### WORK REQUEST
In the entries below, which lines run from the one containing "2023 TESLA MODEL" to the one containing "Victorinox Swiss Army Victorinox"? Copy exactly those lines, ends included, and no others.

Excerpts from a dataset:
※
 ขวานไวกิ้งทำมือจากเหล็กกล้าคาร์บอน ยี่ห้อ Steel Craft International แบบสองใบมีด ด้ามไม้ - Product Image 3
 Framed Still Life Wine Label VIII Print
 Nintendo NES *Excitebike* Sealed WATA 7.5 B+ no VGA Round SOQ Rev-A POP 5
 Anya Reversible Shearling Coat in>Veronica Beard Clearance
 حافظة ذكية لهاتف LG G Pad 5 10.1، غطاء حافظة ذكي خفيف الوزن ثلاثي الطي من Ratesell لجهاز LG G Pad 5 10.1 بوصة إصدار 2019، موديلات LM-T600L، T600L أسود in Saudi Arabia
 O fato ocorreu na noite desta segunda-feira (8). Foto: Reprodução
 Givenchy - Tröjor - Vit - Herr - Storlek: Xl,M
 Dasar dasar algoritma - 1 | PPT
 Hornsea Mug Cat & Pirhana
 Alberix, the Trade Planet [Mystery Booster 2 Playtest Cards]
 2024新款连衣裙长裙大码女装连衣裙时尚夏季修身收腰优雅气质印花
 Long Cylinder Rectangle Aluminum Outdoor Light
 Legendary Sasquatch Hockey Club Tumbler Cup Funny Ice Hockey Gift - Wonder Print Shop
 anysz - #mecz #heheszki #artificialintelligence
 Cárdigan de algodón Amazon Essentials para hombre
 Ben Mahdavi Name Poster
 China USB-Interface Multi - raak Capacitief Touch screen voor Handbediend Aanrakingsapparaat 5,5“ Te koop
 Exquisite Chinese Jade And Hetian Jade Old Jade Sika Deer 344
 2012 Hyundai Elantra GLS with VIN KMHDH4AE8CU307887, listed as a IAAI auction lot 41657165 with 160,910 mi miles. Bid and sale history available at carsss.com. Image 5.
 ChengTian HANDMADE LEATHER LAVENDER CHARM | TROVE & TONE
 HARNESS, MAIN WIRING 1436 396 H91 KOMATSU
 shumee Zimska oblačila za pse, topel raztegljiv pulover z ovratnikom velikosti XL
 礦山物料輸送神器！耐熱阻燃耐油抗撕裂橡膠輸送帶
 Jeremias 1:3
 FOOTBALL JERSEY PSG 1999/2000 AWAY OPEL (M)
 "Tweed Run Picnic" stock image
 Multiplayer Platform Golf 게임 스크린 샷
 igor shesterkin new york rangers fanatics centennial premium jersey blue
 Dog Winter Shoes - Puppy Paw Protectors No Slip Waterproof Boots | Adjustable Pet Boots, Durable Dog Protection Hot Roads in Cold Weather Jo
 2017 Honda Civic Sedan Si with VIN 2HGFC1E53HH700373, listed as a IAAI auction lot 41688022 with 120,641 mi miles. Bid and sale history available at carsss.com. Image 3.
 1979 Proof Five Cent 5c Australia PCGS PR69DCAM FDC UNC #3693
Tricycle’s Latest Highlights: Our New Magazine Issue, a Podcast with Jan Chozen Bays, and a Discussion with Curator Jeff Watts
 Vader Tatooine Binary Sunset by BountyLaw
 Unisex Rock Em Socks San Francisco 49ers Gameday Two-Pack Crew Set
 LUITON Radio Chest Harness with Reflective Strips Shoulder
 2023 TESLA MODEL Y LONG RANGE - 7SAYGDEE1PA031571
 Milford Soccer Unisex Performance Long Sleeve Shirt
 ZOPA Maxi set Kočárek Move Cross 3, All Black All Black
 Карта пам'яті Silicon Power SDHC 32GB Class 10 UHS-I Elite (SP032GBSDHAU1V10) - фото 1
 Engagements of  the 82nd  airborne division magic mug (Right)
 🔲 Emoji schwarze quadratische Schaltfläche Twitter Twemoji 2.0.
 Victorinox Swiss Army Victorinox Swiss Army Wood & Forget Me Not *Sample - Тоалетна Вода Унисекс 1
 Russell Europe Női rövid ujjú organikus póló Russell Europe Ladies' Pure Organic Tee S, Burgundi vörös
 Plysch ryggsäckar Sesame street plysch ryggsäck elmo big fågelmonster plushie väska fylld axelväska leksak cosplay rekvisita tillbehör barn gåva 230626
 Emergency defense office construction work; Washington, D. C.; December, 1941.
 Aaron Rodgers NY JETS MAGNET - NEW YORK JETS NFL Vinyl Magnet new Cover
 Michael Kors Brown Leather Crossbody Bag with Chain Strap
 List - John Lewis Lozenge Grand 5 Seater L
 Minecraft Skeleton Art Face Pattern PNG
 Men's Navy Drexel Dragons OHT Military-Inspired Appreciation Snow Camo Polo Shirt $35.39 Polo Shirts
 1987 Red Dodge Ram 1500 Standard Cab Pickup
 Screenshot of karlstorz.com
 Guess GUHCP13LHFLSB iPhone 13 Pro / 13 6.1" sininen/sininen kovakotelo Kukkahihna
※
### RESPONSE FOR THIS EXERCISE
 2023 TESLA MODEL Y LONG RANGE - 7SAYGDEE1PA031571
 Milford Soccer Unisex Performance Long Sleeve Shirt
 ZOPA Maxi set Kočárek Move Cross 3, All Black All Black
 Карта пам'яті Silicon Power SDHC 32GB Class 10 UHS-I Elite (SP032GBSDHAU1V10) - фото 1
 Engagements of  the 82nd  airborne division magic mug (Right)
 🔲 Emoji schwarze quadratische Schaltfläche Twitter Twemoji 2.0.
 Victorinox Swiss Army Victorinox Swiss Army Wood & Forget Me Not *Sample - Тоалетна Вода Унисекс 1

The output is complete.